Work required | If a line in the entries below holds the string "with", copy it.

------ Provided entries

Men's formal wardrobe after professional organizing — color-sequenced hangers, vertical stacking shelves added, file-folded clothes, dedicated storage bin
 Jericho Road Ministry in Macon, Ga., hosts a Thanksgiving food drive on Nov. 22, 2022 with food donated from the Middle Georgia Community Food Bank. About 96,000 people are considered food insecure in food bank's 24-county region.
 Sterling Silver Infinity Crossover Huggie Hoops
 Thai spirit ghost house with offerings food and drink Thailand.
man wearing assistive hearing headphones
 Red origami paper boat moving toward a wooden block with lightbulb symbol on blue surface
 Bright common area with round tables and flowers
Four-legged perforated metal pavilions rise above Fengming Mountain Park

------------

Answer box |
 Jericho Road Ministry in Macon, Ga., hosts a Thanksgiving food drive on Nov. 22, 2022 with food donated from the Middle Georgia Community Food Bank. About 96,000 people are considered food insecure in food bank's 24-county region.
 Thai spirit ghost house with offerings food and drink Thailand.
 Red origami paper boat moving toward a wooden block with lightbulb symbol on blue surface
 Bright common area with round tables and flowers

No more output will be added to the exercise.